While there is still a lot to be decided in terms of regulation and governance, I will state that cryptocurrency in general has arrived. By “arrived,” I mean that most people have heard of it and regulators around the world are coming to accept it, to different degrees, and sometimes begrudgingly.
And it’s hard to ignore that traditional banking and hedge fund gurus are warming up to it as well, if not completely jumping the ship of traditional firms into the boat of crypto. When there hasn’t been an asset class in a long time that has taken the attention of entire generations, the high finance oracles could potentially miss a good asset for gaining new customer accounts. Millennials still feel acutely aware of the housing crash a decade ago and its impact on the equities markets. Many feel the crash’s sting on their families who lost homes or couldn’t retire at the time they expected. Thus, for better or worse, this generation has been more cautious on investing in the stock market.
Traditional finance needs this massive population in the prime of their working years. When the products they have always relied on don’t interest this group like the generations before, they need something, and cryptocurrency has come at a time when something new is most needed.
I expect to see institutional investment firms spin up their own in-house products for retail investors. They will not rely on exchanges to make packages for them. Firms have always relied on an edge that puts them ahead of other firms in some way, and this has almost always been in exclusive product offerings. For example, this could be mutual funds that outperform the index, ultra low management fees, highly speculative funds in risky sectors with the potential for higher rewards, etc.
I believe that the ground work is already being laid for institution investors to hop aboard the crypto boat in earnest. In the United States, Coinbase has led the pack on working with regulators and offering products that target the needs of institutions, who look for much more legitimacy in the way of reporting, capital security, and regulatory requirements.
With more funds currently holding cash, it will be interesting to see the ways crypto emerges as a cash equivalent. As CCN reported, bitcoin is already becoming the new “fear gauge” much like gold price has been.
When securities and even bonds aren’t showing good returns, and people are on edge about the economy, the standard safe haven has been precious metals. Bitcoin seems to be slowing rising as an alternative safe haven for money that doesn’t erode to inflation. However, right now, the price swings aren’t like any precious metals, but the rate of return could be much better than any saving account interest or money market.
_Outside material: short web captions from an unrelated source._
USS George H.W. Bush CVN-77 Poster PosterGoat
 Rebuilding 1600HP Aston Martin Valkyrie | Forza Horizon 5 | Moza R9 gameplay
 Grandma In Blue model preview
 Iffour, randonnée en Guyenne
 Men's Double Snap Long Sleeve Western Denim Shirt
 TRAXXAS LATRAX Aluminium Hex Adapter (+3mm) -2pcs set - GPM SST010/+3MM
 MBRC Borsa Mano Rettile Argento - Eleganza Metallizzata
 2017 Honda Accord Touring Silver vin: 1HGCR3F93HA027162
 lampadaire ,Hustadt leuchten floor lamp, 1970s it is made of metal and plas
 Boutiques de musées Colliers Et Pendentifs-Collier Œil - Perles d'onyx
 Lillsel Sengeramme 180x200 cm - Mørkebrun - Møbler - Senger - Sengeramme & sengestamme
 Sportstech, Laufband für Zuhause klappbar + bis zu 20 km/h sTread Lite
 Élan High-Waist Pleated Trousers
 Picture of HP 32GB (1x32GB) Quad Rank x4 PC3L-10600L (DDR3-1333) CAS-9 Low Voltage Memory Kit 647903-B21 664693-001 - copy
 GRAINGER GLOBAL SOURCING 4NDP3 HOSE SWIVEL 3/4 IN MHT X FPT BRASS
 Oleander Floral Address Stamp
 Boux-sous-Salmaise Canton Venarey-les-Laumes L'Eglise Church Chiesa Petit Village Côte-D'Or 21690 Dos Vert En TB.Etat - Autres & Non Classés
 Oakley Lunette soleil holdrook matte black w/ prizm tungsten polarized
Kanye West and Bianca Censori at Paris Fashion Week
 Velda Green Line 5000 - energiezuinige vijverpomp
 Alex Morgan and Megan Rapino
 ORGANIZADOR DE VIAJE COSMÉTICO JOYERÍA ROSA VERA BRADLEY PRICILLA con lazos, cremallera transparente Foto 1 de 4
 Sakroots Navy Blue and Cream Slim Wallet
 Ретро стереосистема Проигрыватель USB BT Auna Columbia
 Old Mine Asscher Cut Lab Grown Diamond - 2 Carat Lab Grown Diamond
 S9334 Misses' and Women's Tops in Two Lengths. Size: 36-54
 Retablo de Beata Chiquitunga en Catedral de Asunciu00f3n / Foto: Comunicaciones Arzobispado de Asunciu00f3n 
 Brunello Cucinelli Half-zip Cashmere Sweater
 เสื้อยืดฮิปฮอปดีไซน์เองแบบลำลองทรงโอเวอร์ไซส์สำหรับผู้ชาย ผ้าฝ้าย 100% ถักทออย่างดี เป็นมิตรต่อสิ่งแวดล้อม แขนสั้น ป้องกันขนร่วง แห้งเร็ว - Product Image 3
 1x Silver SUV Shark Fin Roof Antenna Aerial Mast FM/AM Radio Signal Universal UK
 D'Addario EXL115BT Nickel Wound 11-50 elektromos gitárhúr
Crypto thus behaves like so many different asset classes, and I don’t see it being narrowed down to just one anytime soon. Regulators are trying to push for a single classification, leaning towards securities, but they should take care as strict classification could harm the current and potential uses of blockchain technology.
As a store of cash, it could potentially become much more efficient than gold if it widely accepted by retailers. When payments settle fast, it’s like having gold available on your phone at all times for purchases. In this way, it acts as a currency/security/savings account type of asset. No other asset type has straddled so many purposes like this before.
I hope that there will be a point where we reach “ultimate acceptance.” By this, I mean that cryptocurrencies will have weathered the pending regulation storm, won over the hearts of the media, bankers, and retail investors. This would be a point where you can mention “Bitcoin” to a stranger and not receive an emotionally charged response, either pro or con.
The work of education going on in communities and exchanges is paying off and will continue to pay off, helping each day the gradual trudge toward ultimate acceptance. Cryptocurrency is leaving its adolescence behind.
Disclaimer: The views expressed in the article are solely that of the author and do not represent those of, nor should they be attributed to CCN.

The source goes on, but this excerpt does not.